= Misnomer =

Word or term that suggests a meaning that is known to be wrong

A misnomer is a name that is incorrectly or unsuitably applied. Misnomers often arise because something was named long before its correct nature was known, or because an earlier form of something has been replaced by a later form to which the name no longer suitably applies. A misnomer may also be a word that is used incorrectly or misleadingly. The word "misnomer" does not mean "misunderstanding" or "popular misconception", and a number of misnomers remain in common usage — which is to say that a word being a misnomer does not necessarily make usage of the word incorrect.

== Sources of misnomers ==

- An older name being retained after the thing itself has changed (e.g., tin can, mince meat pie, steamroller, tin foil, clothes iron, digital darkroom). This is essentially a metaphorical extension with the name of the older item standing for anything filling the same role.
- Transference of a well-known product brand name into a genericized trademark (e.g., Xerox for photocopy, Kleenex for tissues, or Jell-O for gelatin dessert).
- Pars pro toto (i.e., the name of a part being applied to the whole).
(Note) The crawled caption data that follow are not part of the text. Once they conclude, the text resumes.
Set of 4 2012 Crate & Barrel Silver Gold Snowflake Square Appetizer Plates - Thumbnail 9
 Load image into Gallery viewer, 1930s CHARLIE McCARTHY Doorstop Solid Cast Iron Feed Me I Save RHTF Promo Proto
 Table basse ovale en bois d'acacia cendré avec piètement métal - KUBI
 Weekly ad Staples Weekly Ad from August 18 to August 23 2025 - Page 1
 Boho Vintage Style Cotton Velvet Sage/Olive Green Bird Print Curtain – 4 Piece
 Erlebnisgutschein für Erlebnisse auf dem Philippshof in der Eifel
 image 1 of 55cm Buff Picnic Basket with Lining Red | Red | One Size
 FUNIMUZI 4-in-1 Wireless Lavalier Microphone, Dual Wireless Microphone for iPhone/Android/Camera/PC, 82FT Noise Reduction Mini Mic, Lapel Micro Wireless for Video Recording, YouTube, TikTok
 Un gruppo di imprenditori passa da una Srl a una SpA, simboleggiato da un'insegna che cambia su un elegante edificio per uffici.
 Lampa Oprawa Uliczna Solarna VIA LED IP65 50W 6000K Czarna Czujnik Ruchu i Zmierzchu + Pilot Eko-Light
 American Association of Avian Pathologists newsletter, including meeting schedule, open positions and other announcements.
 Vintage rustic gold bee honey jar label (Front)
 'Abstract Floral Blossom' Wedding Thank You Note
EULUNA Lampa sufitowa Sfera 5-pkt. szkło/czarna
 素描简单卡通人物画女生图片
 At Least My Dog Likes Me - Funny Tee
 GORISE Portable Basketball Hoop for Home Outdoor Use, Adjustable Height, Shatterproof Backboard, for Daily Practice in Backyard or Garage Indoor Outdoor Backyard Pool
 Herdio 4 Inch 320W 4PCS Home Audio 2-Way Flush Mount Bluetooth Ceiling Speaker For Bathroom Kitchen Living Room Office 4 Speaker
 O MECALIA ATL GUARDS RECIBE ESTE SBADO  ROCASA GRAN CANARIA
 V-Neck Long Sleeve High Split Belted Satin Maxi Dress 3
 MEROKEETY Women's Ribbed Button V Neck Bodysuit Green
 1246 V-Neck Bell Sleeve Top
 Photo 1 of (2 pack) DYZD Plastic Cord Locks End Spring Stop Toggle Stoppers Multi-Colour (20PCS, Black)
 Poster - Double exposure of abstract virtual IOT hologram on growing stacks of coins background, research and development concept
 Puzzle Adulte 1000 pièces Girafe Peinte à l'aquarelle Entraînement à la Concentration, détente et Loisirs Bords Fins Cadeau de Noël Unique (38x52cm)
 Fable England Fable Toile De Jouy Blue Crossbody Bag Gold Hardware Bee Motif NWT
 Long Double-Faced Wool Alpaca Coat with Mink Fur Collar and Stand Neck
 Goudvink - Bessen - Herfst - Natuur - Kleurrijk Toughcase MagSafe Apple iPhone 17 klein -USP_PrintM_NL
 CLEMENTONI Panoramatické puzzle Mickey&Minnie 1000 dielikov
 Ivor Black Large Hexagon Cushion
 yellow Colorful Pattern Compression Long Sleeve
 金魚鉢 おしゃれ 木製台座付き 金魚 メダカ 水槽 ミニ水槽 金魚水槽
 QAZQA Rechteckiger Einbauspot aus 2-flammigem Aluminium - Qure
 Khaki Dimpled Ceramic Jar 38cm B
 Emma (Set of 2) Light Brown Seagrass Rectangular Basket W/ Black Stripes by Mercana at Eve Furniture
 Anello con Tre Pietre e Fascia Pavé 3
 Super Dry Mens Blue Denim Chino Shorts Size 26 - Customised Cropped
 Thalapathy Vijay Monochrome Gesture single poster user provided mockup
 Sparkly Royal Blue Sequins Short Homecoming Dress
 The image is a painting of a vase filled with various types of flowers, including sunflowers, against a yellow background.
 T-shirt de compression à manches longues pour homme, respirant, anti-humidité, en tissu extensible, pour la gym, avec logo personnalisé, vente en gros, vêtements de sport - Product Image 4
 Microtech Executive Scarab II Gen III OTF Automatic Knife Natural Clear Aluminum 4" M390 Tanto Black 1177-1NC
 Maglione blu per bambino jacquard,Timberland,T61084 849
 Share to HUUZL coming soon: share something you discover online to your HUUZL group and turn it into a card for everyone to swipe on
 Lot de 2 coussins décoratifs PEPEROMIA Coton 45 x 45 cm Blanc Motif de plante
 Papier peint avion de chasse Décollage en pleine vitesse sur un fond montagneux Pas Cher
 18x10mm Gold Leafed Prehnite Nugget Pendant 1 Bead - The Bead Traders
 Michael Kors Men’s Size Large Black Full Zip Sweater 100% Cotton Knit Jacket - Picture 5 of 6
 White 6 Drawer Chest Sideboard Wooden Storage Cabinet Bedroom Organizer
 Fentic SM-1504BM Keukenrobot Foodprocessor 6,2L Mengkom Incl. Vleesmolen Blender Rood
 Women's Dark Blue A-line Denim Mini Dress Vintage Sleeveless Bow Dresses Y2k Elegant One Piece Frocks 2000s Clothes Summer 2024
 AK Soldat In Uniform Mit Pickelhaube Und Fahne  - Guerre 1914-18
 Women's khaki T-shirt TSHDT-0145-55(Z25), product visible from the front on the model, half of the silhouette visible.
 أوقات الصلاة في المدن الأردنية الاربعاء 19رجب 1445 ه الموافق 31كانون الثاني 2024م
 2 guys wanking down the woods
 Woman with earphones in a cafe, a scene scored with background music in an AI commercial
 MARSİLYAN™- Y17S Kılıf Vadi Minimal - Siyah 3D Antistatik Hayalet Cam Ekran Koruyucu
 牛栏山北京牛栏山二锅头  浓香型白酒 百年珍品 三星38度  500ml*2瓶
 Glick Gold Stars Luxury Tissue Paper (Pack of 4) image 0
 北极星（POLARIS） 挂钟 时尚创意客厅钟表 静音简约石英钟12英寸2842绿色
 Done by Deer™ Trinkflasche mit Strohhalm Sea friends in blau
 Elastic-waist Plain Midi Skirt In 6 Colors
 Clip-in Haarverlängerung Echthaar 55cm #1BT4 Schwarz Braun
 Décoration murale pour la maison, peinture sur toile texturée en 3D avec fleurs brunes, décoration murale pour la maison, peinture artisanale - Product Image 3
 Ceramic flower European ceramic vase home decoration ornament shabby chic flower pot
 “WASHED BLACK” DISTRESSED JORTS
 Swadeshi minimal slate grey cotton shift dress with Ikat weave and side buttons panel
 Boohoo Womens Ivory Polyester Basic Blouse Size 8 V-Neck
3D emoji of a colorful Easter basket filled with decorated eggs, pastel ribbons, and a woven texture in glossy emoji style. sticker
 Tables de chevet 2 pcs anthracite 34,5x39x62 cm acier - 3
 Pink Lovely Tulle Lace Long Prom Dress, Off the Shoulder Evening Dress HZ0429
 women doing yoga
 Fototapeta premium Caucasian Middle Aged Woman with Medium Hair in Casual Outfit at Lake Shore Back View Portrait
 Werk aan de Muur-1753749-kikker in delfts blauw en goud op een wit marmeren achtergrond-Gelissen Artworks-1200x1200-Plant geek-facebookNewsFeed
Holland is often used to refer to the Netherlands, while it is actually only a part of that country.
- Referring to the suburbs of a metropolis by the name of its biggest city. (e.g., referring to Allen, Texas as "Dallas").
- A name based on a similarity in a particular aspect (e.g., "shooting stars" look like falling stars but are actually meteors).
- A difference between popular and technical meanings of a term. A koala "bear" (see below) superficially looks and acts like a bear, but is quite distinct and unrelated. Fireflies fly like flies, and ladybugs are like bugs. Botanically, peanuts are not nuts. The technical sense is often cited as "correct", but this is a matter of context.
- Ambiguity. A parkway is generally a road with park-like landscaping, not a place to park. Such a term may confuse those unfamiliar with the language.
- Association of a thing with a place other than its origin. Panama hats originate from Ecuador, but came to be associated with the building of the Panama Canal.
- Naming particular to the originator's world view.
- An unfamiliar name – perhaps foreign – or technical term re-analyzed as something more familiar (see folk etymology).
- Anachronisms, juxtaposed terms from different time periods, creating chronological inconsistency.

==Examples==

=== Older name retained ===

- Aluminium foil is sometimes called "tin foil" even when it is made of aluminium, whereas "tin cans" made for the storage of food products are made from steel with a thin tin plating. In both cases, tin was the original metal.
- The "lead" in pencils is made of graphite and clay, not lead; graphite was once believed to be lead ore. The graphite and clay mix is known as plumbago, meaning "lead ore" in Latin.
- Blackboards can be black, green, red, blue, or brown.
- Sticks of chalk are no longer made of chalk, but of gypsum.
- Telephone numbers are referred to as being "dialed" although rotary phones are now rare.
- In golf, the clubs referred to as woods were once made of wood but are now usually made of metal.
- The Pennsylvania Dutch people are German Americans and the Pennsylvania Dutch language is a dialect of German only distantly related to Dutch. Even though the term "Dutch" in English has narrowed to denote Netherlands origin only, it originally encompassed all Germanic peoples.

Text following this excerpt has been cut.